Fransisca boleh menarik nafas panjang walau hanya ‘sedetik’ saja. Oleh pengadilan, semua tuduhan terhadap dirinya dinyatakan tidak terbukti. Akan tetapi, sidang pengadilan mengabulkan permohonan yayasan untuk tetap mem-PHK Fransisca. Fransisca meradang dan mengajukan banding.

Kisah Fransisca memang sudah bergulir sejak tahun 2017 lalu. Sebelum ia digugat ke meja hijau, ia sudah menyambangi pihak terkait untuk meminta bantuan mencari solusi atau sekadar memediasi untuk menemukan jalan terbaik yang adil bagi dirinya maupun yayasan. Namun, ia seperti berhadapan dengan tembok dan membenturkan kepala sendiri. Kendati demikian, ia pantang menyerah.

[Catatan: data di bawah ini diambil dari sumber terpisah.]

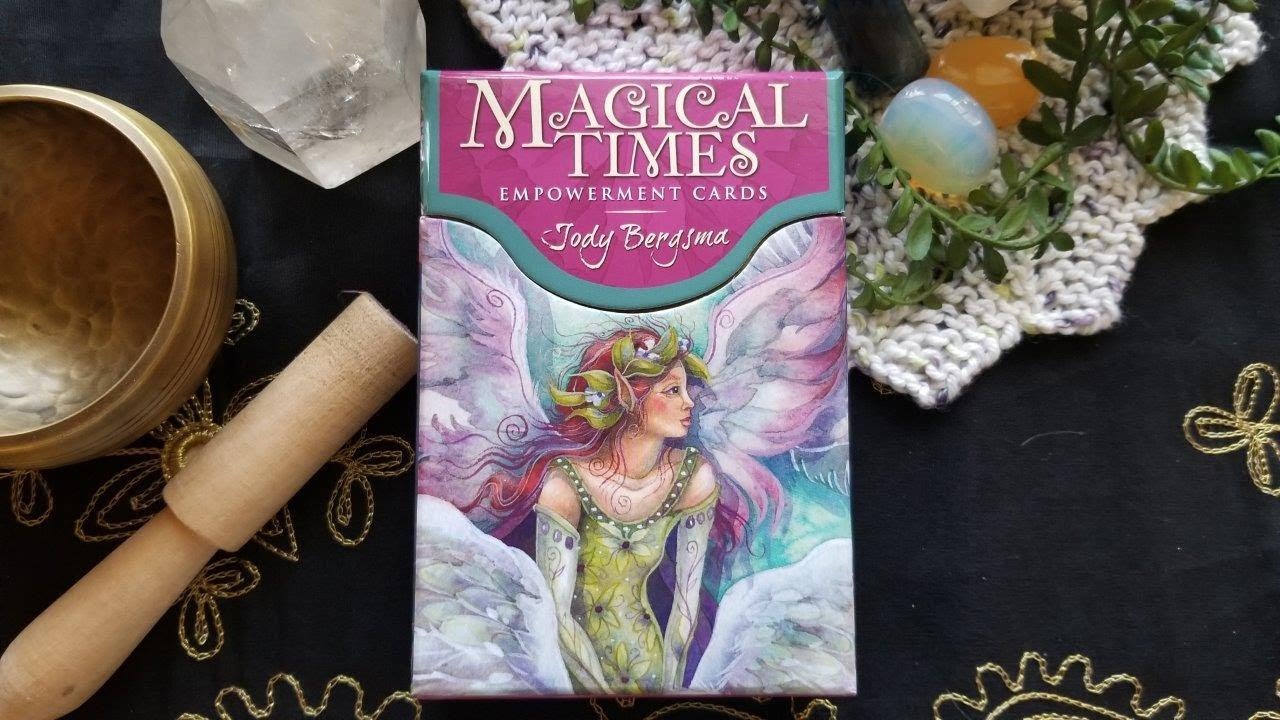 Magical Times Empowerment Cards, Review and Flip Through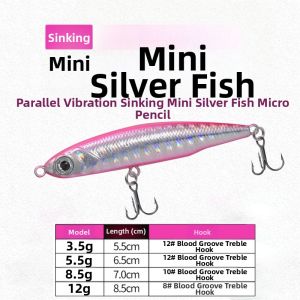 Vibrating Slow-Sinking Long-Casting Lure Bait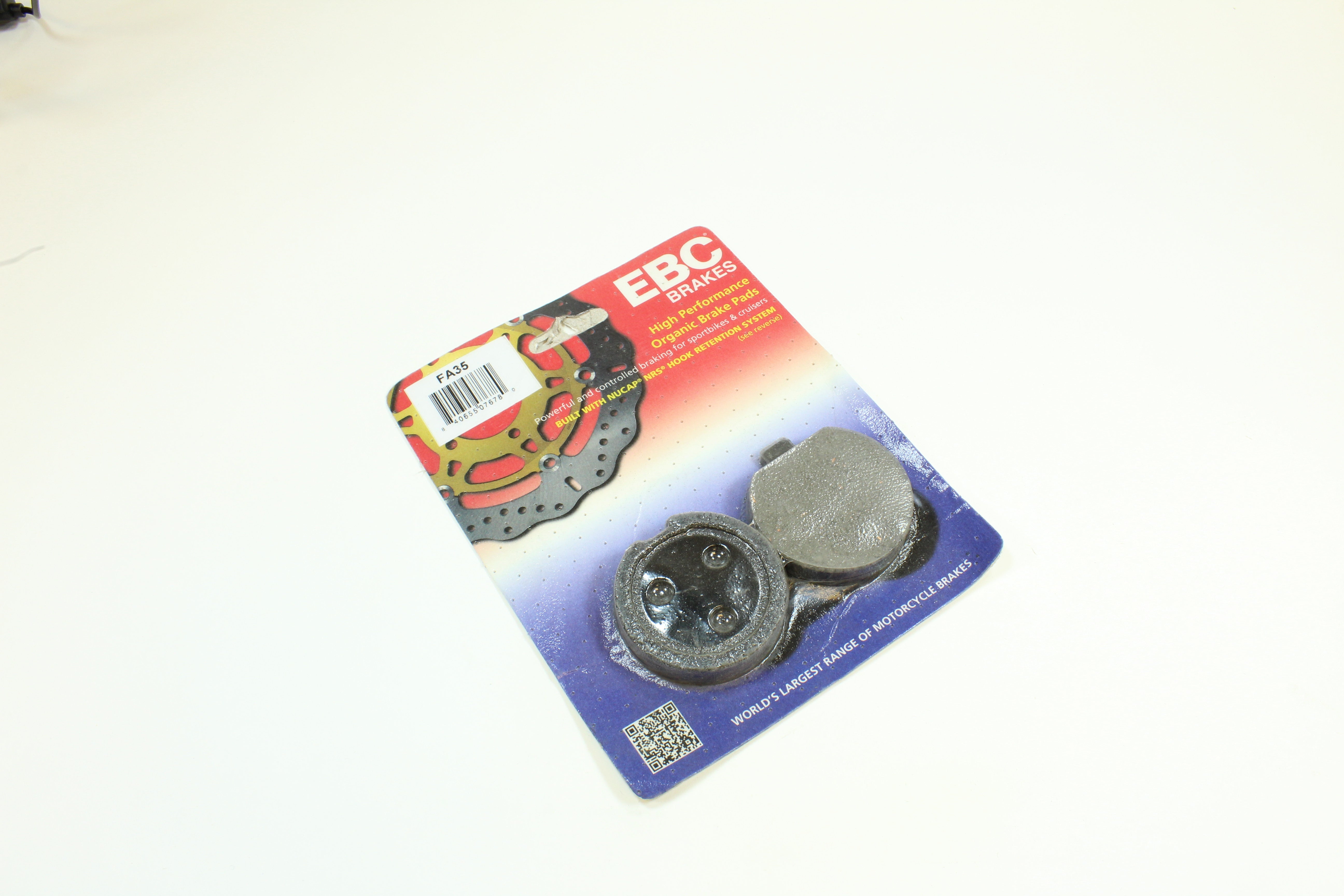 EBC FA35 Performance Organic Front Brake Pads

Narasi Fransisca tentu menjadi bagian dari perhatian dan keprihatinan kita. Kendati bukan kasus pertama yang terjadi di lingkungan yayasan-yayasan pendidikan yang berlebel Katolik, kasus Fransisca ini mengingatkan semua pihak akan panggilan visi dan misi kekatolikan.

Di sana terpampang semangat yang harus diusung semua pihak yang tidak perlu dipaparkan satu per satu di sini. Tentu saja, semua orang atau pihak punya hak yang sama untuk membawa kasus seperti ini ke meja hijau.

Namun, rasanya masih terbuka jalan atau alternatif lain untuk menyelesaikan atau mencari solusi yang adil bagi semua pihak yang berkonflik. Mendapatkan keadilan adalah hak semua orang. Tanpa kecuali.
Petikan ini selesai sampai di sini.